Got Thin Soil? Go Native!

Juan Soulas

Nestled in the Texas Hill Country, San Antonio’s booming northwest side presents a prime location with difficult a landscaping challenge: thin soil. In this situation, the single most important decision to be made as far as plant selection is the degree of native vs. non-native landscape.

After all, the reason those beautiful limestone ledges are visible in the first place is that the soil eroded long ago. Although builders are required to add 6 inches of topsoil during construction, much of it washes away after a few seasons.

Going native is the most logical choice as it retains the beauty and character of the landscape that attracts so many to live there in the first place. A Texas Hill Country plant palette has adapted to its natural surroundings – in this case limestone outcroppings with alkaline, shallow soils. Native plants require the least amount of water and maintenance.

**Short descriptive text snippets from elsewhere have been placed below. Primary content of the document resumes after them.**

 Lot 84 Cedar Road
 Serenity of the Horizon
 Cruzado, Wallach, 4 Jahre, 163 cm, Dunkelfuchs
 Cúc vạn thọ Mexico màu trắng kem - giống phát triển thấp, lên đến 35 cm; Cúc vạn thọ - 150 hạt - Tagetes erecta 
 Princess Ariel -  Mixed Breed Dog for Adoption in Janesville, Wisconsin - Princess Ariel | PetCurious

If you opt for a non-native landscape, the single element that will have the greatest impact on water use and maintenance is the amount of lawn you have. Turf – or any non-native vegetation – requires a substantial amount of soil to ensure proper plant growth. The ideal soil depth is at least 6 inches. This helps retain moisture longer and encourages deeper root growth. Anything less will require more frequent watering.

No matter where your home is located always consider the consequences of the landscape choices you make. Ask yourself one simple question: Are you working with the natural surroundings or against it?